(Data entries)
____________________
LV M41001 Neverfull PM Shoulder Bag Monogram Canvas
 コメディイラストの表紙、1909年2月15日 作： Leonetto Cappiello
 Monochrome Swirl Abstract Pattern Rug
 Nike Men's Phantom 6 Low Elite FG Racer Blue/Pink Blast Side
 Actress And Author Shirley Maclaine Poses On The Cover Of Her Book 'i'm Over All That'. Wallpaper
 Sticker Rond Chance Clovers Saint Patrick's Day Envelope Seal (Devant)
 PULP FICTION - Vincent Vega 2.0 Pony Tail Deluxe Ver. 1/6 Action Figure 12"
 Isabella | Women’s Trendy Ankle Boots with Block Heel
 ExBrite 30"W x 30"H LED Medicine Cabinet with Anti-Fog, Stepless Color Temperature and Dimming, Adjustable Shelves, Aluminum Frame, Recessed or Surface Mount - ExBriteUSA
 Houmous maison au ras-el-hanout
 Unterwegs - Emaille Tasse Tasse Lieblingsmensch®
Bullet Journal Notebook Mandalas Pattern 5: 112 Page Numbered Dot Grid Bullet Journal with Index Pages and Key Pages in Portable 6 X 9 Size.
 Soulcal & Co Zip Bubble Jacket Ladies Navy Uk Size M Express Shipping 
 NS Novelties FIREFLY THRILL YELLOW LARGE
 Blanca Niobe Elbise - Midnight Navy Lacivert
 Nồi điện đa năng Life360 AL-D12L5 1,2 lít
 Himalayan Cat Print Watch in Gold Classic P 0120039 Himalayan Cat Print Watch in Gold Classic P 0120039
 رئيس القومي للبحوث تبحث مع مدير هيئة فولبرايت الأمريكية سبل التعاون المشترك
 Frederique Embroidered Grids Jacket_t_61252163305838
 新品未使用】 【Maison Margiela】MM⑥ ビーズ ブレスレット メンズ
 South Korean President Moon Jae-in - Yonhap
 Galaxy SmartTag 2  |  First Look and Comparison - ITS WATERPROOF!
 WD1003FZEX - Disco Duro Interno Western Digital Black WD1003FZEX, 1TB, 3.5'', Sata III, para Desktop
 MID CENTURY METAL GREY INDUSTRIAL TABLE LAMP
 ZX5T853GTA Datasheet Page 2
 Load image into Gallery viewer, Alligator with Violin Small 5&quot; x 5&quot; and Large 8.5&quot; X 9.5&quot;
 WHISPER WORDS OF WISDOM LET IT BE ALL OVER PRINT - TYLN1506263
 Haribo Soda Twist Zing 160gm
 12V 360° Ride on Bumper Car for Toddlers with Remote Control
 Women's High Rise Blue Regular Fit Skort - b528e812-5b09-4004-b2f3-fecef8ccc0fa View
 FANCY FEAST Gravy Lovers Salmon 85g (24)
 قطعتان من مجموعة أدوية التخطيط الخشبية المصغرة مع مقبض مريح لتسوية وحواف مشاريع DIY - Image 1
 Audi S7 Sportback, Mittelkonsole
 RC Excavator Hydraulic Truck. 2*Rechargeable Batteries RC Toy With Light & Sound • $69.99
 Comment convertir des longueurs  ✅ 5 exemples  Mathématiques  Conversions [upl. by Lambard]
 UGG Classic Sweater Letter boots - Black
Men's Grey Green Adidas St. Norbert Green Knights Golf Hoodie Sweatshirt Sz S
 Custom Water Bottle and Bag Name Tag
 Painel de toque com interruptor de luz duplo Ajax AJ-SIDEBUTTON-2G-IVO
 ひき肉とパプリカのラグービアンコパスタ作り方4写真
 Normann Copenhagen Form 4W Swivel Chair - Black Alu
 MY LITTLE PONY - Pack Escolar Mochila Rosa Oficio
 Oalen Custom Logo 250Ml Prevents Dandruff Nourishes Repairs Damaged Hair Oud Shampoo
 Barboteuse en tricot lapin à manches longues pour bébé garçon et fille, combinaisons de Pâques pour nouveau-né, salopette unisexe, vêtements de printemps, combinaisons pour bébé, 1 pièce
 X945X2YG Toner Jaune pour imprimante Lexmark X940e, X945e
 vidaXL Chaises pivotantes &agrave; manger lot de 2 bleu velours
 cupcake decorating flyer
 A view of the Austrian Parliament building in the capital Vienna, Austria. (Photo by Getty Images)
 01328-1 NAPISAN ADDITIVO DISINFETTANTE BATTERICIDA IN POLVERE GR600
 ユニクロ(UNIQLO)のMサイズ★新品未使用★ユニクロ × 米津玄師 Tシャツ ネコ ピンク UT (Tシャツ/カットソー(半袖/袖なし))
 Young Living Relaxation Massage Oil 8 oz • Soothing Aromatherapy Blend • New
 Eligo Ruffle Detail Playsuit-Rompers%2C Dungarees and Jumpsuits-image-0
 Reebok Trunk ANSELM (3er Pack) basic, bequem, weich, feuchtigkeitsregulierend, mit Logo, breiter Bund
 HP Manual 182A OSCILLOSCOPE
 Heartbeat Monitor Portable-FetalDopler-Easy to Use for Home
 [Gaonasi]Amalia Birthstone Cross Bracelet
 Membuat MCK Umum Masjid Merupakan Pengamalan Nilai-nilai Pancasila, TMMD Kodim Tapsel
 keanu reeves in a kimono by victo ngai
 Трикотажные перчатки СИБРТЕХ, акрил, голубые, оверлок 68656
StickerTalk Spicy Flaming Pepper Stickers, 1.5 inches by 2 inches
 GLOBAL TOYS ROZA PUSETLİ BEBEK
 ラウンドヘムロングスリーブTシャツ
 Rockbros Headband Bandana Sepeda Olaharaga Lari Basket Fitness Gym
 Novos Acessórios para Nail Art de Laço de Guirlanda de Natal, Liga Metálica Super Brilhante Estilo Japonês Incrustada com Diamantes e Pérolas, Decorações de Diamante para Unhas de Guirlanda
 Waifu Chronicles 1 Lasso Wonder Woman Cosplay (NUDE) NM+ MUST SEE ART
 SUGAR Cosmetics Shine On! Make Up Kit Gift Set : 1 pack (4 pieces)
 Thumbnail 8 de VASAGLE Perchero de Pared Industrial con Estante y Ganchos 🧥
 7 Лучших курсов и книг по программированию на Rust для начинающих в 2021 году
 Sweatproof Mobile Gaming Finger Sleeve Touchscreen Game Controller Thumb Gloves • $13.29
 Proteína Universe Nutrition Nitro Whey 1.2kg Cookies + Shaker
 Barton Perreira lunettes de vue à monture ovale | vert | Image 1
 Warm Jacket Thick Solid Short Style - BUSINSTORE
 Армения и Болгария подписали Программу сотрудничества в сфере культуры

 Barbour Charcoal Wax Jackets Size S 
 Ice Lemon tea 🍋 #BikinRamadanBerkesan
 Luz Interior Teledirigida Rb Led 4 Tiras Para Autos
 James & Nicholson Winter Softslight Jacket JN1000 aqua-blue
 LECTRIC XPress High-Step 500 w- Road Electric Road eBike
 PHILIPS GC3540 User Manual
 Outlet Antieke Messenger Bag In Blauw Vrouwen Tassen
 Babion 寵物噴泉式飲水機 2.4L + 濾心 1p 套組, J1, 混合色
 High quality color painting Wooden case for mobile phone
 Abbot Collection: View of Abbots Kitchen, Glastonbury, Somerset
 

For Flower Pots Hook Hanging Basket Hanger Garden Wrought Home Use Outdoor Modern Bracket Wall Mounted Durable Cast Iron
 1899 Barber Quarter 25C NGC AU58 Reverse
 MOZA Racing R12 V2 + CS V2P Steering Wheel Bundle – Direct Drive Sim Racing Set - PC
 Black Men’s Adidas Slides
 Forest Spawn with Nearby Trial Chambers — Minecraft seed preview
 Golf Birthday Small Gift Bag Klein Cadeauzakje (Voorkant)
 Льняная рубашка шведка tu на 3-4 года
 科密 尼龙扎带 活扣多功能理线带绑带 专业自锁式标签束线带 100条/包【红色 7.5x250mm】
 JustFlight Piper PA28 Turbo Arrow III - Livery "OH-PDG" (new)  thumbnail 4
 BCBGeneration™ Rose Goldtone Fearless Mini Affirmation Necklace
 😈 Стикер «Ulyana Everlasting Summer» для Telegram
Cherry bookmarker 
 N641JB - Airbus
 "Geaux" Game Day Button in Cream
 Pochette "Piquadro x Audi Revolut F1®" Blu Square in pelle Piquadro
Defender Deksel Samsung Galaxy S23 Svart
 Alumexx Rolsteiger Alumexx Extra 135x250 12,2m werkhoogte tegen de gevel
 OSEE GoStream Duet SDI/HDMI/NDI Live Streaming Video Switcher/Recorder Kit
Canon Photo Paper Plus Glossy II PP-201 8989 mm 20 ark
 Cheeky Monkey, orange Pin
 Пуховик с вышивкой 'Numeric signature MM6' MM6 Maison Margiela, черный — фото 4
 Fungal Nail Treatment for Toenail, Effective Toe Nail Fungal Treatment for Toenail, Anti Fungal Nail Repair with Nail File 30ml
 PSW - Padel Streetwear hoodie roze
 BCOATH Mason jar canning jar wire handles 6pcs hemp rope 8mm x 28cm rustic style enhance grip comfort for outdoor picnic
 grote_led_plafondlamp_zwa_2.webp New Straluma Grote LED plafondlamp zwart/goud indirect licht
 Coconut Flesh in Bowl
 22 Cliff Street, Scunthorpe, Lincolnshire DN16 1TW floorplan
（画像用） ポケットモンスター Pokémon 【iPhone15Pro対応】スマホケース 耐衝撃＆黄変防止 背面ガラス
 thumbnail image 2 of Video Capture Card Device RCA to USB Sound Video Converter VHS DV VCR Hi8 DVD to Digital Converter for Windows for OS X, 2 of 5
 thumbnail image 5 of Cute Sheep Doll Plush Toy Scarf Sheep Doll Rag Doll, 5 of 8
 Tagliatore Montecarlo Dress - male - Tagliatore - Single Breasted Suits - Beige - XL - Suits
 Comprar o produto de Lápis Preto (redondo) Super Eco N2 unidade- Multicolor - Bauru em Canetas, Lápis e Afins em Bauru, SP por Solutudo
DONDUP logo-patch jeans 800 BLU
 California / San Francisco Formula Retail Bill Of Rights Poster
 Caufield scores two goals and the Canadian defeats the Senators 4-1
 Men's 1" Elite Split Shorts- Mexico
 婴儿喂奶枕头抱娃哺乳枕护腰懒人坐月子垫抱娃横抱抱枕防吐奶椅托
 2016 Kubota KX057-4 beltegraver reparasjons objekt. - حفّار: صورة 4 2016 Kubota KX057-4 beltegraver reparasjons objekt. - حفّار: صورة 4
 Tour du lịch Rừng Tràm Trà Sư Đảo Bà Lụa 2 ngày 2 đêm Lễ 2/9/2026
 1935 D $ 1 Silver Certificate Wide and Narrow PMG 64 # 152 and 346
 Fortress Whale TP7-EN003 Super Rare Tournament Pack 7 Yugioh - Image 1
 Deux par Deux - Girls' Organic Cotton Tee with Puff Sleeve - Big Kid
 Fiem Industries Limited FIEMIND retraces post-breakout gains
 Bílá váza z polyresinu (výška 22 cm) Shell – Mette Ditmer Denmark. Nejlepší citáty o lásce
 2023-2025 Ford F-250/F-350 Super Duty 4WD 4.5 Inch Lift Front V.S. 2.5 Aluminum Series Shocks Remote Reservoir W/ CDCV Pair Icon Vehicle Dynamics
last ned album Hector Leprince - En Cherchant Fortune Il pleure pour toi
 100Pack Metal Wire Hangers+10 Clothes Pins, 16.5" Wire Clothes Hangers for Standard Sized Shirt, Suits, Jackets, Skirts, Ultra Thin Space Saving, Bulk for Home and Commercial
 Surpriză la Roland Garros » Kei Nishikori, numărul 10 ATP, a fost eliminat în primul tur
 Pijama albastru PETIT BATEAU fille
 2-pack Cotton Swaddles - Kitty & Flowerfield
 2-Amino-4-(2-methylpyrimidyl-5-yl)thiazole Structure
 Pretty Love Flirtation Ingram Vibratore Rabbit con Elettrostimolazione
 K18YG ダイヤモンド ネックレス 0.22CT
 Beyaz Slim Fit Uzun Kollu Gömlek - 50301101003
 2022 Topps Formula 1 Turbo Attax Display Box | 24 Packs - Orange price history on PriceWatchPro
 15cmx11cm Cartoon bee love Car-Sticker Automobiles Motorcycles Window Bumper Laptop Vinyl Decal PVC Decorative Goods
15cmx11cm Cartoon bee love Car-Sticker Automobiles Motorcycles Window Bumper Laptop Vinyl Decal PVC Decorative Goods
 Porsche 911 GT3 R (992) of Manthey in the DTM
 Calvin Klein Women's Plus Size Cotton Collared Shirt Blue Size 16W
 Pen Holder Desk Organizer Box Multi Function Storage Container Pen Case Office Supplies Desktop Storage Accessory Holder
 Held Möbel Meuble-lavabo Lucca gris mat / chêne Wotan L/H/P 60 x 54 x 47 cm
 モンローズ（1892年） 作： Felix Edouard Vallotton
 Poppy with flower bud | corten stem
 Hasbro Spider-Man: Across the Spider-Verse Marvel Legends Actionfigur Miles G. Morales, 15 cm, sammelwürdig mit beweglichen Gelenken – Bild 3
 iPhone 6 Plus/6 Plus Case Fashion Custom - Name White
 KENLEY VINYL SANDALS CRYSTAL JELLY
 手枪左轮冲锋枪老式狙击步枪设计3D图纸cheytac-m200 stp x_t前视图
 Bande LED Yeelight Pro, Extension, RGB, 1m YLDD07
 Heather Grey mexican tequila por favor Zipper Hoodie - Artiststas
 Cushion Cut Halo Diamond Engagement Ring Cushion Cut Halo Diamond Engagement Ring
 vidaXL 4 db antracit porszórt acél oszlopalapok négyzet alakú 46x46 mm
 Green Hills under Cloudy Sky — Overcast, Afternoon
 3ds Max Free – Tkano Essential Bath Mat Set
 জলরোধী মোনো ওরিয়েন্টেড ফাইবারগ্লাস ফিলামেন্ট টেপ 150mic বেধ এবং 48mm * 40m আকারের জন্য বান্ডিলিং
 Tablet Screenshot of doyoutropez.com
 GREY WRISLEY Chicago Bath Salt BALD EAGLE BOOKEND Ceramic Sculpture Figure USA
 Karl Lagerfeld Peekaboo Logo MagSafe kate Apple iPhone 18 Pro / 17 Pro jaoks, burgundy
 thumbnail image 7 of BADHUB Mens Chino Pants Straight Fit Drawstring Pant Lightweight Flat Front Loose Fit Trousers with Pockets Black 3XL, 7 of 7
____________________
Of all the entries above, output exactly the lines between the one holding "Fungal Nail Treatment" and the one holding "صورة 4 2016", inclusive.

Exercise solution —
 Fungal Nail Treatment for Toenail, Effective Toe Nail Fungal Treatment for Toenail, Anti Fungal Nail Repair with Nail File 30ml
 PSW - Padel Streetwear hoodie roze
 BCOATH Mason jar canning jar wire handles 6pcs hemp rope 8mm x 28cm rustic style enhance grip comfort for outdoor picnic
 grote_led_plafondlamp_zwa_2.webp New Straluma Grote LED plafondlamp zwart/goud indirect licht
 Coconut Flesh in Bowl
 22 Cliff Street, Scunthorpe, Lincolnshire DN16 1TW floorplan
（画像用） ポケットモンスター Pokémon 【iPhone15Pro対応】スマホケース 耐衝撃＆黄変防止 背面ガラス
 thumbnail image 2 of Video Capture Card Device RCA to USB Sound Video Converter VHS DV VCR Hi8 DVD to Digital Converter for Windows for OS X, 2 of 5
 thumbnail image 5 of Cute Sheep Doll Plush Toy Scarf Sheep Doll Rag Doll, 5 of 8
 Tagliatore Montecarlo Dress - male - Tagliatore - Single Breasted Suits - Beige - XL - Suits
 Comprar o produto de Lápis Preto (redondo) Super Eco N2 unidade- Multicolor - Bauru em Canetas, Lápis e Afins em Bauru, SP por Solutudo
DONDUP logo-patch jeans 800 BLU
 California / San Francisco Formula Retail Bill Of Rights Poster
 Caufield scores two goals and the Canadian defeats the Senators 4-1
 Men's 1" Elite Split Shorts- Mexico
 婴儿喂奶枕头抱娃哺乳枕护腰懒人坐月子垫抱娃横抱抱枕防吐奶椅托
 2016 Kubota KX057-4 beltegraver reparasjons objekt. - حفّار: صورة 4 2016 Kubota KX057-4 beltegraver reparasjons objekt. - حفّار: صورة 4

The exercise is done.